AKA: Fatal Fury 2 || 熱闘餓狼伝説２あらたなるたたかい || Takara 1994
Original Post Date: September 5, 2019
The second game chosen to receive the Nettou treatment was Garou Densetsu 2, known in the West as Fatal Fury 2. While the original Fatal Fury offered only a small selection of characters and an emphasis on the single-player mode, Fatal Fury 2 boasted a larger character roster, allowing for a more proper competitive fighting experience.
Thankfully, the character roster is retained fully in this handheld edition. There are eight primary characters to choose from, and just as in the previous Nettou title, there are also a number of secret characters who can be selected via a simple code, specifically the four boss characters.
Unfortunately, one of Fatal Fury’s trademark features was lost in the transition, that being the ability to switch planes mid-match. In the original Fatal Fury 2 (as well as most games in the series), the player could freely hop into the background, as well as back to the foreground.
There were also certain attacks that could be used to knock one’s opponent to the opposite plane. In this edition of the game, this feature has been stripped away and thus, the fights take place solely in a single-plane, 2-D format.
Otherwise, the game’s essence has been recreated faithfully, for the most part. Each character retains their desperation move, a powerful attack that can be unleashed once their health bar decreases enough that it starts to flash. Even with only two face buttons available for the Game Boy, the four-button attack scheme has been simulated by making the buttons pressure-sensitive, meaning you’ll perform a heavy attack when the button is held down longer while tapping the button will perform a light attack.

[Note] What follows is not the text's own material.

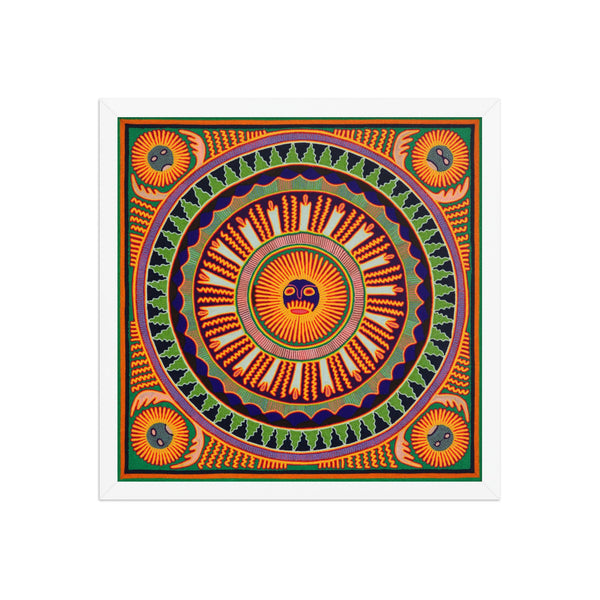 Huichol Yarn Painting Print • L - 185 - Huichol Arts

Overall, Nettou Garou Densetsu 2 is an adequate addition to the series, but unlike in the case of Samurai Shodown, it does end up feeling like a slightly watered-down version of itself. Its pacing is significantly reduced compared to its full-sized counterpart, and the lack of plane-switching means that it loses a bit of the identity it once held. Nonetheless, it is a fine handheld fighter in its own right.